(Records from a collection)
- - - -

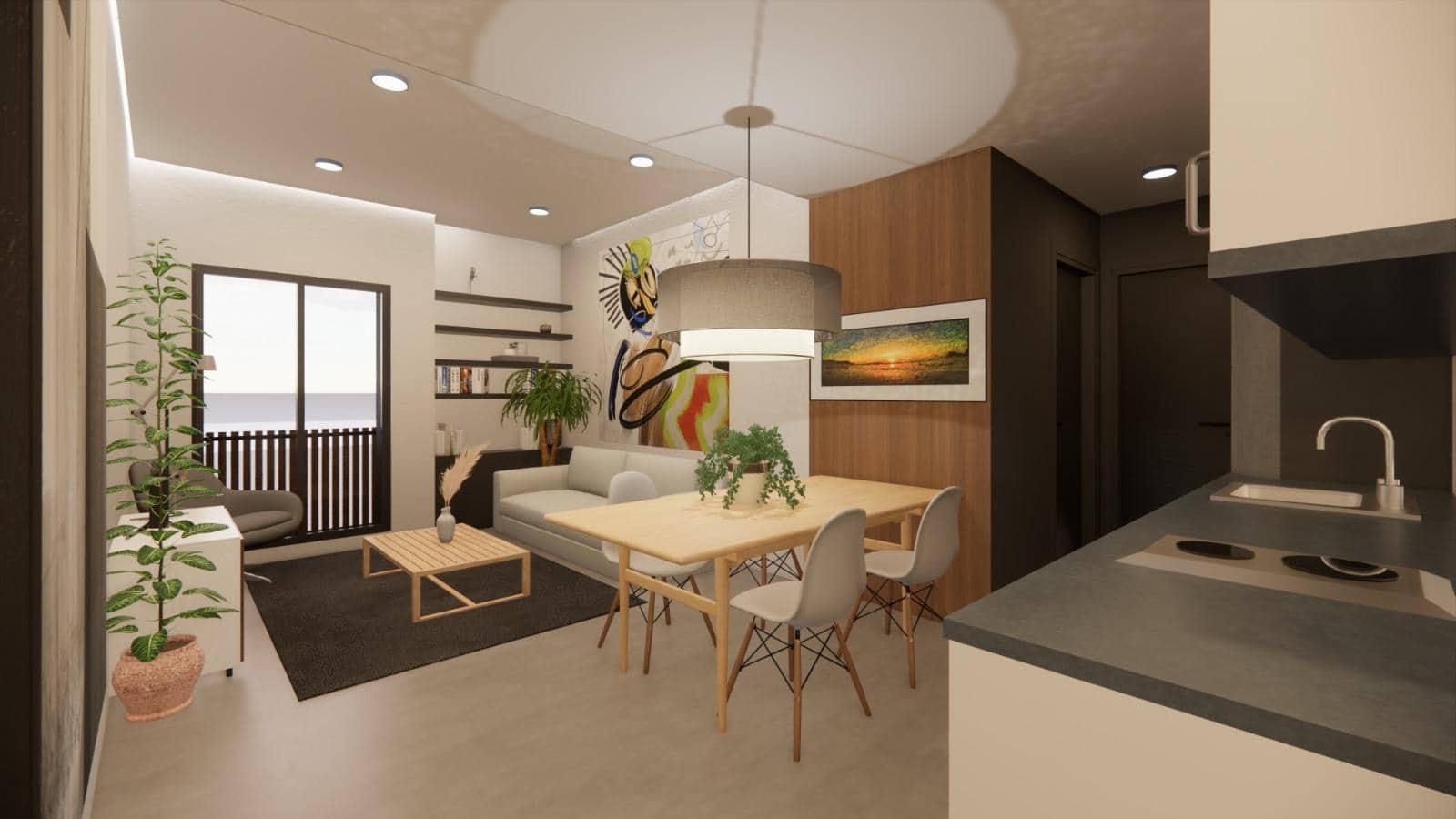 1 bedroom Flat for sale in Pulianas - € 127,357 (Ref: 9494579)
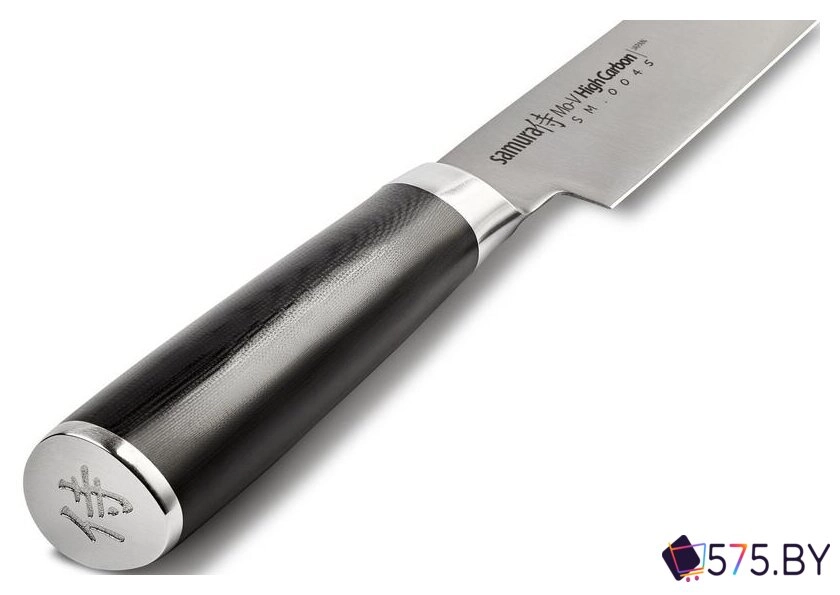 Кухонный нож Samura Mo-V SM-0045/K в магазине 575.by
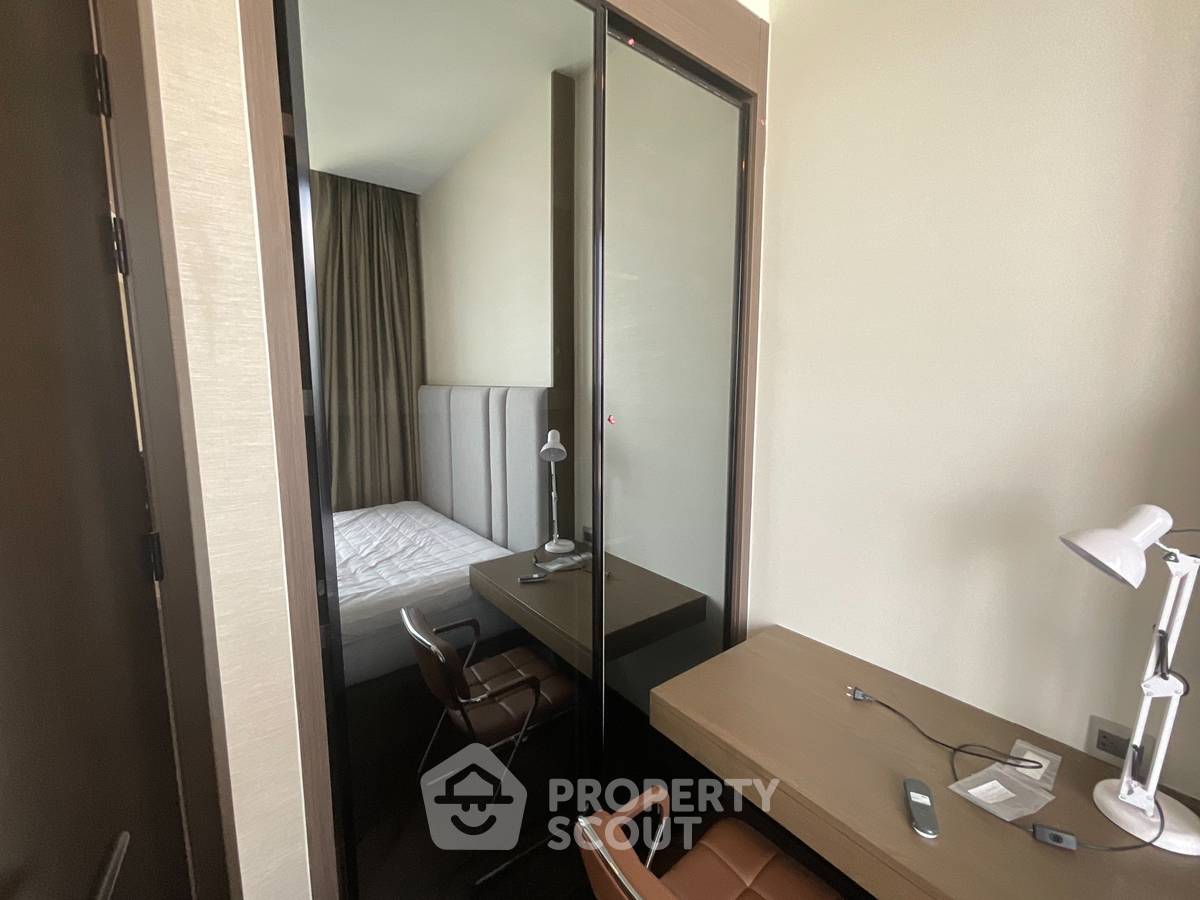 รูป คอนโด 2-ห้องนอน ที่ ดิ เอส อโศก ใกล้ MRT สุขุมวิท (ID 2168982) - รูปที่ 13/22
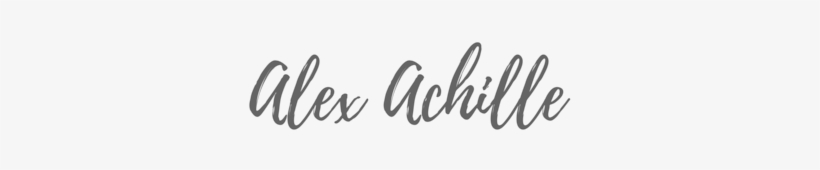 Alex Achille's Vlog - Vlog, transparent png download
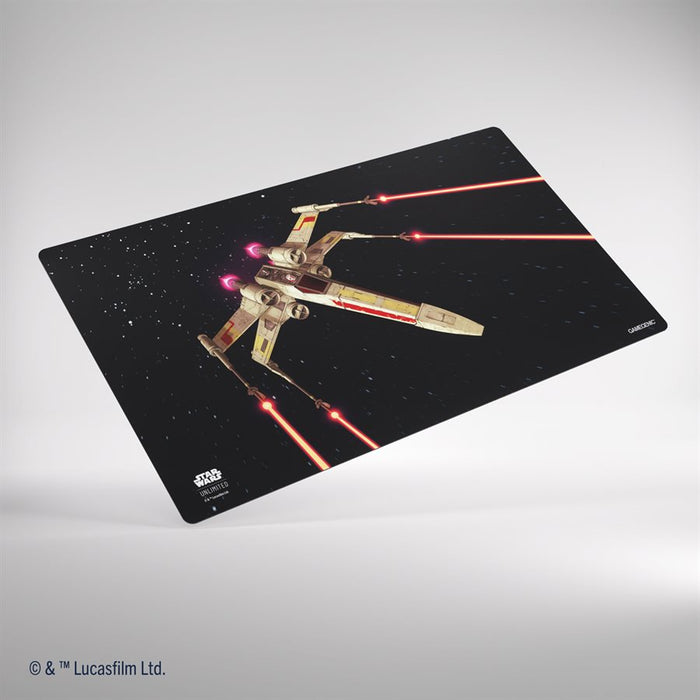 Star Wars: Unlimited Prime Game Mat: X-Wing New - Tistaminis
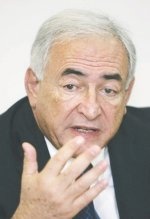 صندوق النقد: العالم لم يتجاوز الأزمة الاقتصادية  بعد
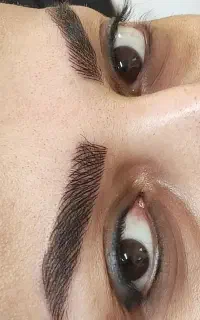 آموزش وارائه خدمات تخصصی میکروپیگمنتیشن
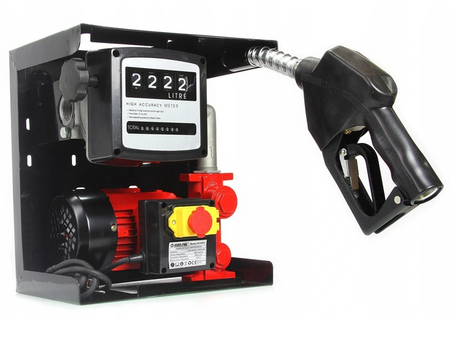 Pompa paliwa oleju ropy on napędowego dystrybutor samozasysający cpn MAR-POL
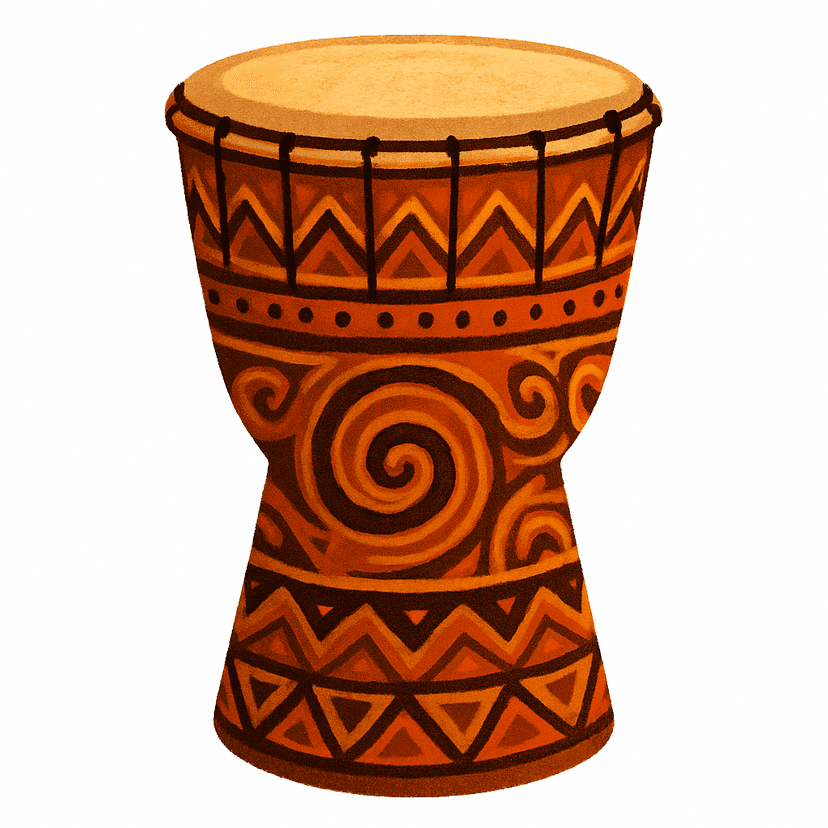 Traditional Drumming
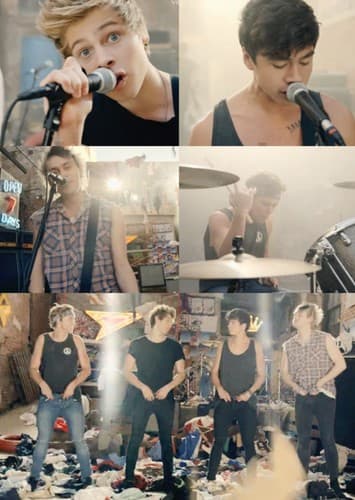 She Looks So Perfect.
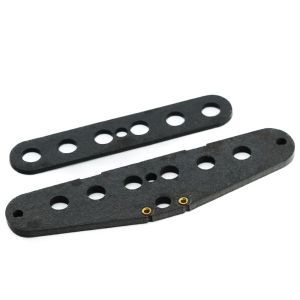 Tele Neck Pickup Flatwork- 50 mm - eyeletit valmiina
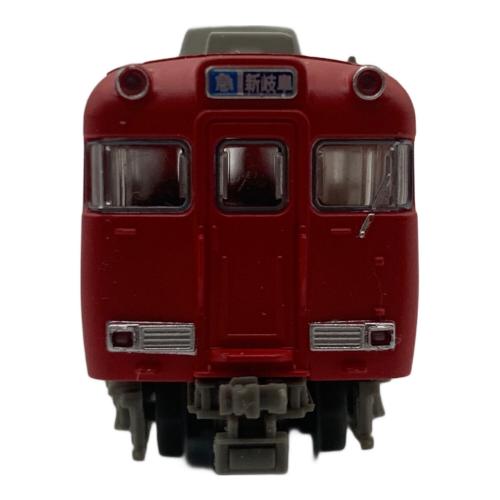TOMYTEC  名古屋鉄道6000形2次車(グレードア)４両セット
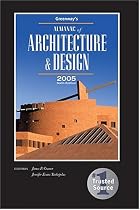 Almanac of Architecture & Design 2005, Sixth Edition (Almanac of Architecture and Design)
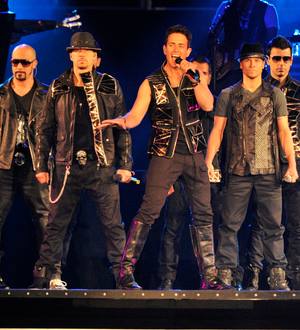 New Kids On The Block and Backstreet Boys record joint album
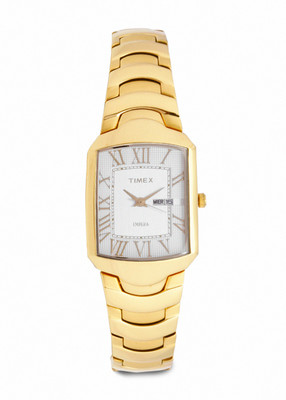 Timex CW08 Empera Watch - For Men
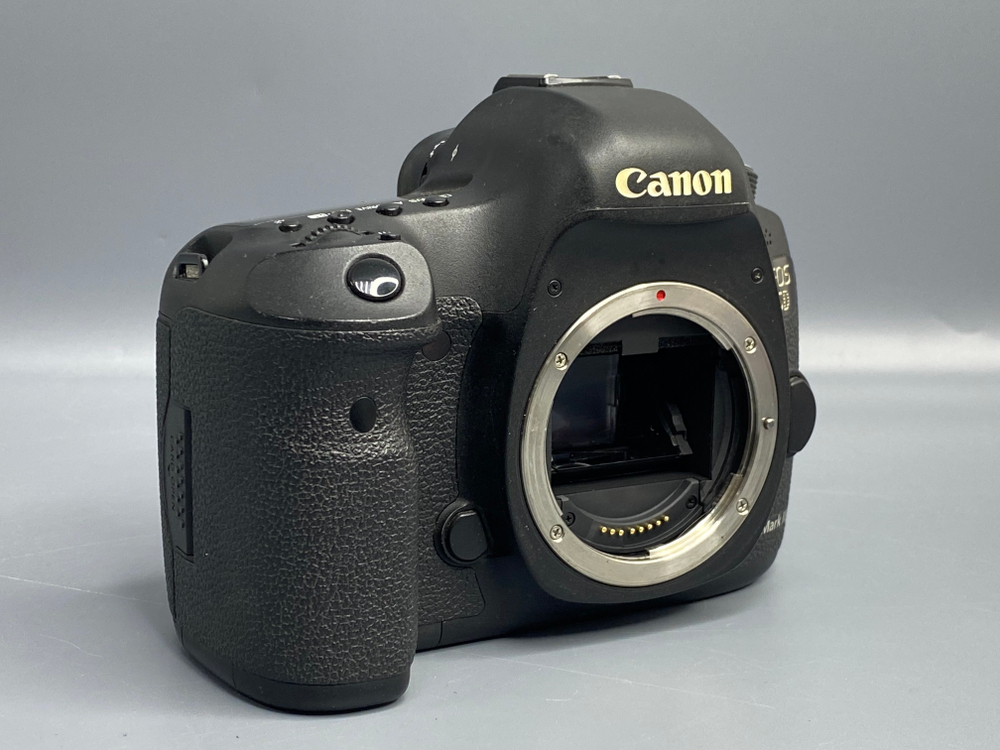 Canon EOS 5D Mark III — 50 000 кадров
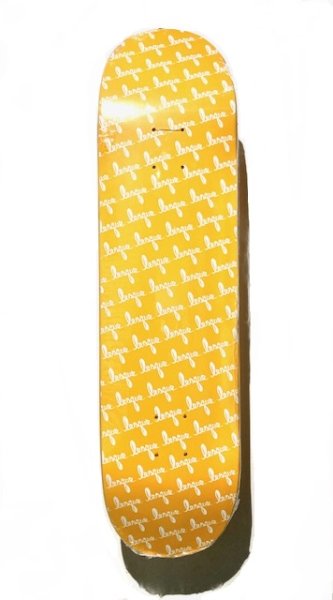 画像1: LESQUE SUNBURST MONOGRAM 8.0 (1)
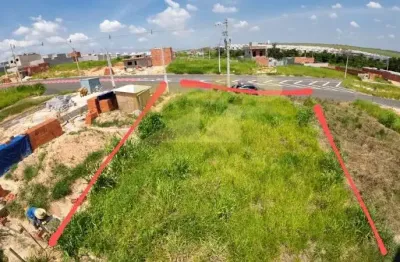 Terreno à venda na Rua Terezinha Badin Pereira, Parque Barnabé, Indaiatuba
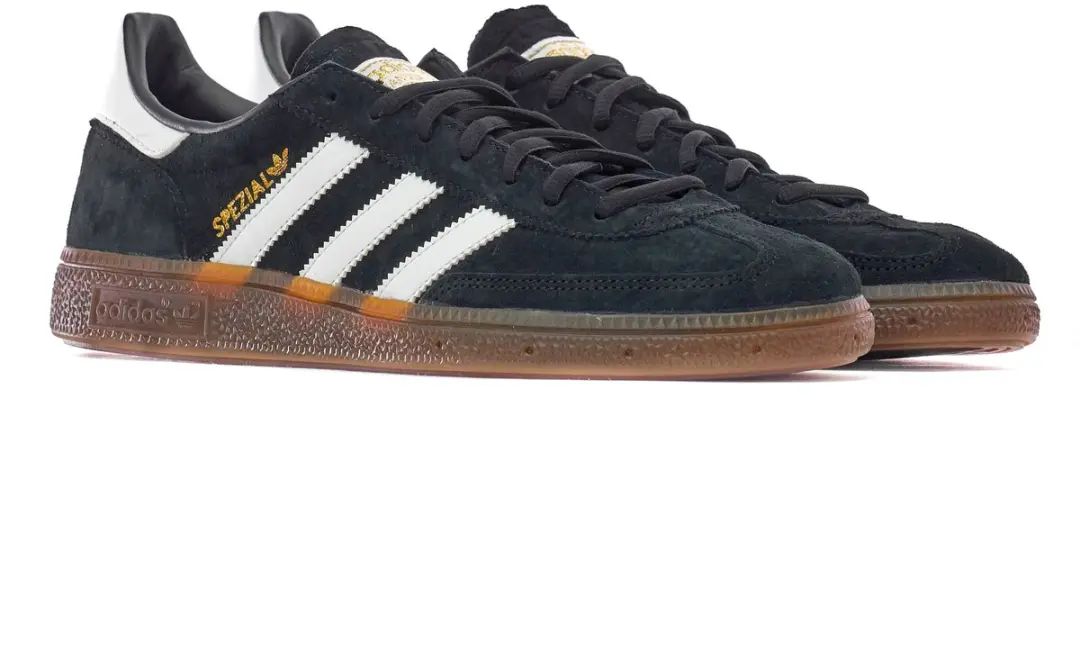adidas Originals Spezial Handbalschoenen DB3021 - Zwart - afbeelding 3 van 6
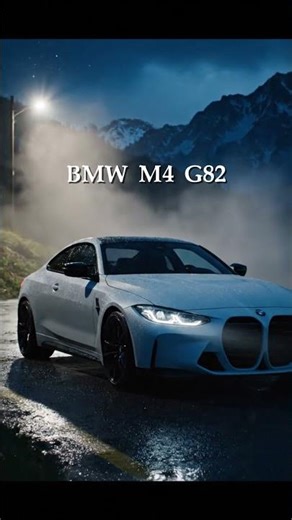 BMW M4 G82 – Ultimate Driving Machine | Sound, Speed & Style Review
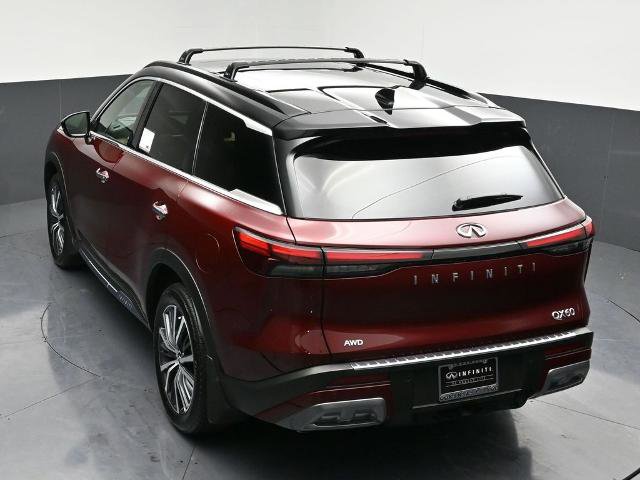 Certified 2025 INFINITI QX60 Autograph w/ Cargo Package image 30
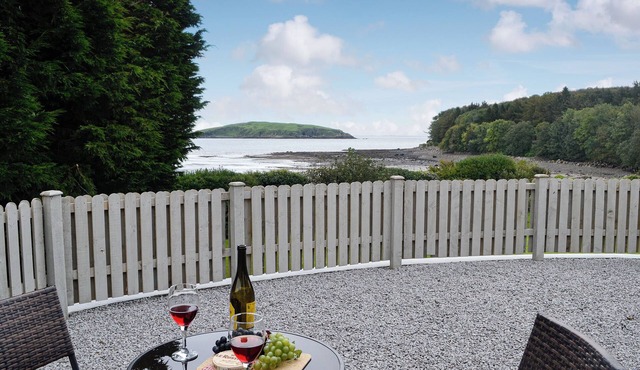 1 bedroom accommodation in Balcary, near Auchencairn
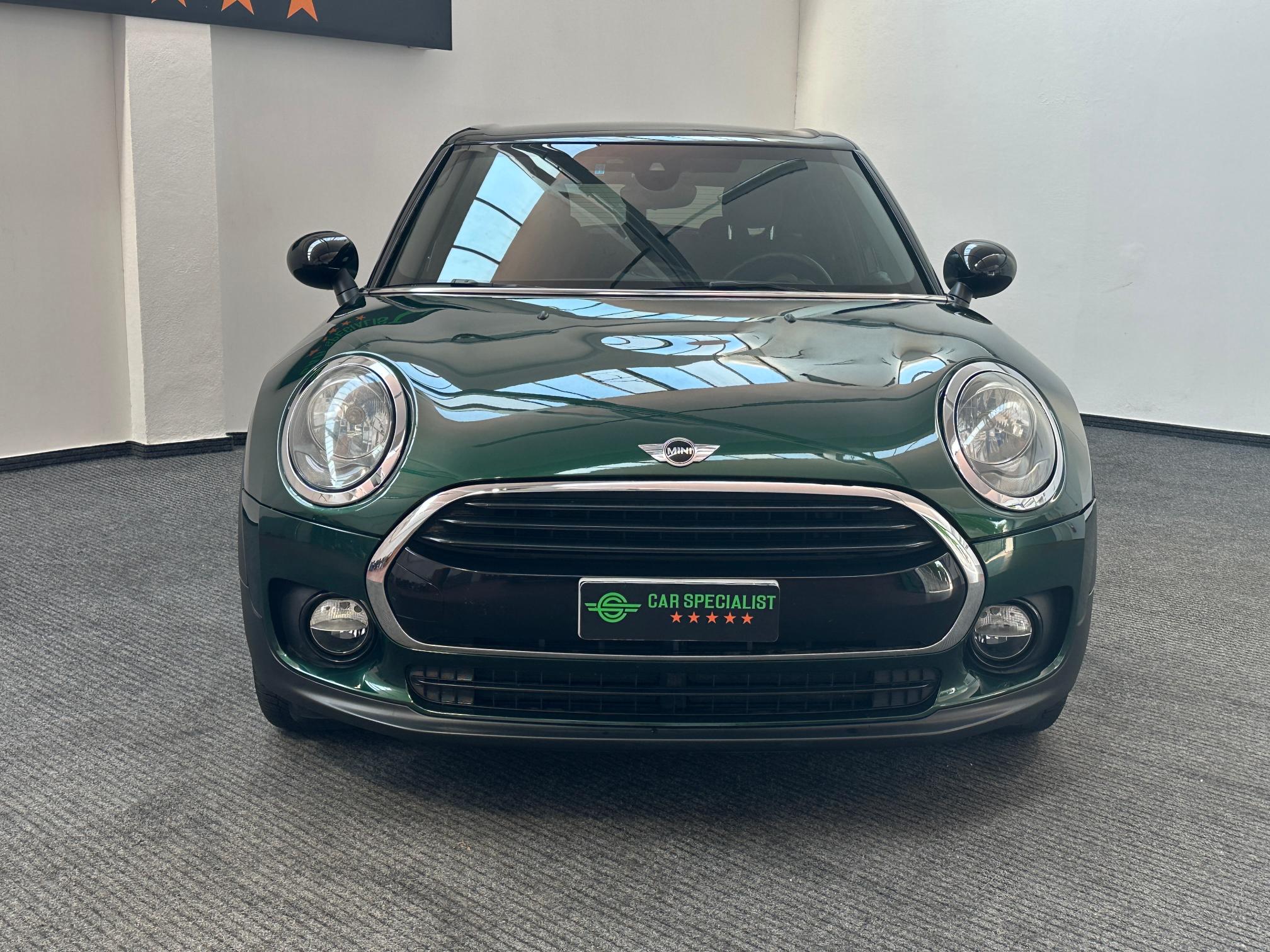 Mini Clubman Cooper D 2.0 D Automatica EURO6|SENSORI|BI-ZONA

- - - -

WHAT IS EXPECTED –
Once the pictures are removed, output the entries above exactly as given.

TASK SOLUTION –
 1 bedroom Flat for sale in Pulianas - € 127,357 (Ref: 9494579)
 Кухонный нож Samura Mo-V SM-0045/K в магазине 575.by
 รูป คอนโด 2-ห้องนอน ที่ ดิ เอส อโศก ใกล้ MRT สุขุมวิท (ID 2168982) - รูปที่ 13/22
 Alex Achille's Vlog - Vlog, transparent png download
 Star Wars: Unlimited Prime Game Mat: X-Wing New - Tistaminis
 صندوق النقد: العالم لم يتجاوز الأزمة الاقتصادية  بعد
 آموزش وارائه خدمات تخصصی میکروپیگمنتیشن
 Pompa paliwa oleju ropy on napędowego dystrybutor samozasysający cpn MAR-POL
 Traditional Drumming
 She Looks So Perfect.
 Tele Neck Pickup Flatwork- 50 mm - eyeletit valmiina
TOMYTEC  名古屋鉄道6000形2次車(グレードア)４両セット
 Almanac of Architecture & Design 2005, Sixth Edition (Almanac of Architecture and Design)
 New Kids On The Block and Backstreet Boys record joint album
 Timex CW08 Empera Watch - For Men
 Canon EOS 5D Mark III — 50 000 кадров
 画像1: LESQUE SUNBURST MONOGRAM 8.0 (1)
 Terreno à venda na Rua Terezinha Badin Pereira, Parque Barnabé, Indaiatuba
adidas Originals Spezial Handbalschoenen DB3021 - Zwart - afbeelding 3 van 6
 BMW M4 G82 – Ultimate Driving Machine | Sound, Speed & Style Review
 Certified 2025 INFINITI QX60 Autograph w/ Cargo Package image 30
 1 bedroom accommodation in Balcary, near Auchencairn
 Mini Clubman Cooper D 2.0 D Automatica EURO6|SENSORI|BI-ZONA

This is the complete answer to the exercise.